Niemand ist vollkommen. Alle machen Fehler, immer wieder. Viele davon passieren uns aus Ungeschicklichkeit oder Unwissenheit. Bei anderen wollen wir von Anfang an das Falsche und machen uns schuldig mit dem, was wir tun oder nicht tun. Wir sitzen alle im selben Boot. Für ein gelingendes Miteinander sind wir darauf angewiesen, gelassen und gnädig mit den Fehlern umzugehen, die halt passieren.
Doch genau damit haben wir Schwierigkeiten, in den Kirchen und Gemeinden genauso wie als ganze Gesellschaft. Wir wissen zwar: Nobody is perfect. Dennoch fordern wir fehlerlose Topleistungen voneinander und reagieren empfindlich, wenn ein Fehler für uns persönlich konkrete Folgen hat. Vielerorts wird zwar von einer notwendigen Fehlertoleranz geredet. Aber die bringen wir oft nicht auf. Sehr anschaulich wird das zum Beispiel auf dem Feld der Politik. Wie wenig braucht es, damit Rücktrittsforderungen laut werden. Manchmal reicht die unbewiesene Vermutung eines Fehlers, dass der politisch Verantwortliche abtreten muss. Er muss den Fehler auch nicht selber begangen haben. Wenn er Pech hat, konnte er nicht einmal davon wissen, und muss doch die Verantwortung übernehmen und abtreten.
Mit Fehlern gehen wir oft gnadenlos um. Wir suchen und finden Sündenböcke und statuieren ein Exempel an ihnen. Deshalb neigen viele Leute dazu, ihre eigenen Fehler zu verheimlichen, zu vertuschen oder davon abzulenken. Am liebsten wird dabei auf die grössere Schuld eines anderen verwiesen. Und dann heisst es: “Ich war es nicht, der andere hat auch geholfen!” Eine Fehlertoleranz fördert das nicht gerade. Ausserdem wird das menschliche Miteinander so ganz schön vergiftet!
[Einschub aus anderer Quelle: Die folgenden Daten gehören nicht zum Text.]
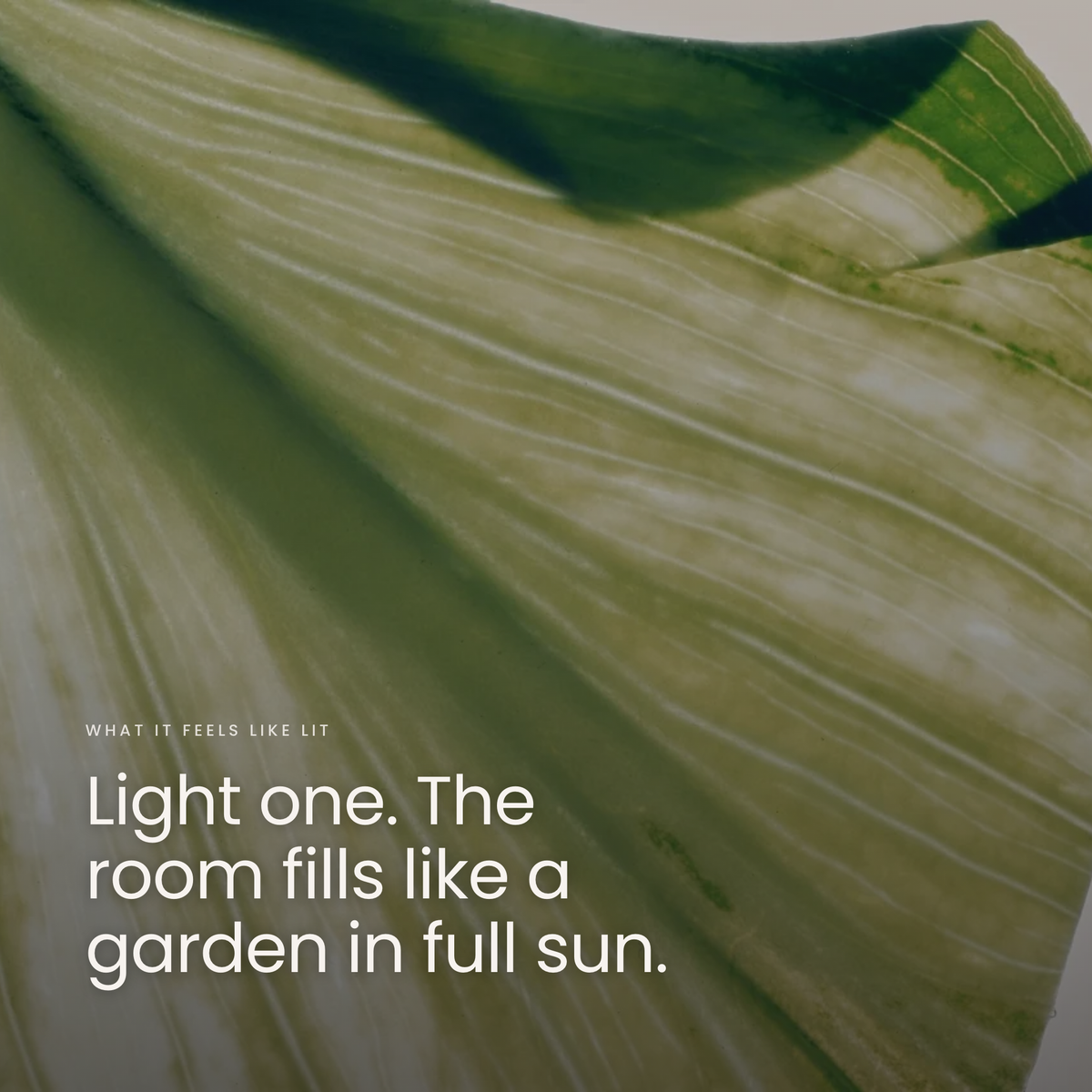 Light one. The room fills like a garden in full sun.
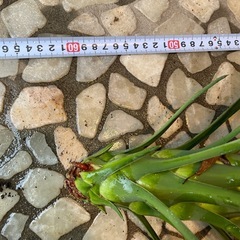 ユッカ　アロイフォリアの画像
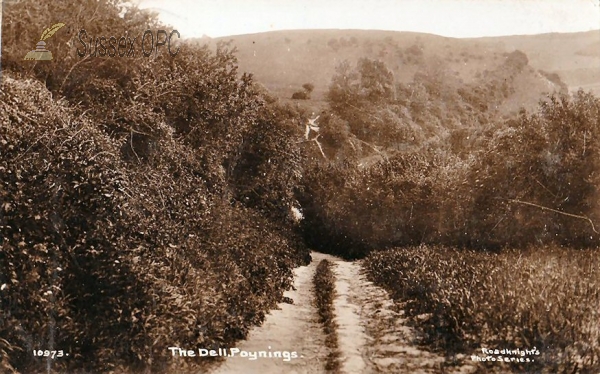 Image of Poynings - The Dell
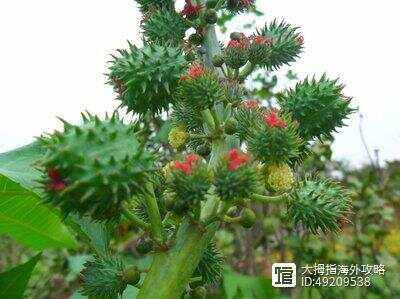 蓖麻的种类(蓖麻子的种类)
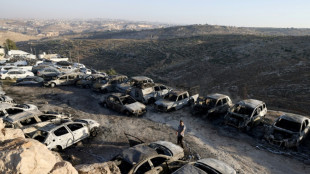 Ex&eacute;rcito israelense acusado de apoiar agress&otilde;es de colonos a palestinos na Cisjord&acirc;nia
Das Fazit lautet also: Wider besseres Wissen neigen wir dazu, die Fehleranfälligkeit aller Menschen zu verdrängen. Deshalb sind wir oft so hilflos im Umgang mit kleinen und grossen Fehlern. Und es gelingt oft nicht gerade gut, mit Fehlern, ihren Folgen und den daraus wachsenden Schuldgefühlen klar zu kommen. — ‘Nobody is perfect!’ Das ist nicht nur eine Binsenwahrheit. Es ist auch ein Problem, für das wir als Gesellschaft keine Lösung haben.
Wie könnte ein Ausweg aussehen? – Es gibt Schlaumeier, welche die Einsicht ‘Nobody ist perfect’ als ihre eigene Generalamnestie missbrauchen. Sie treten da mal jemandem auf den Fuss, stossen dort einen vor den Kopf und setzen immer wieder Projekte in den Sand. Doch das kratzt sie nicht. Darauf angesprochen sagen sie nur: “Was soll’s? Fehler passieren halt! Nobody ist perfect!” Aber eine Lösung kann das ja wohl kaum sein. Wer so denken will, nimmt die Verantwortung für sein Tun nicht wahr und verleugnet negative Auswirkungen auf andere. Und das führt vielleicht sogar dazu, dass man seine Mitmenschen für eigene Fehler bezahlen lässt.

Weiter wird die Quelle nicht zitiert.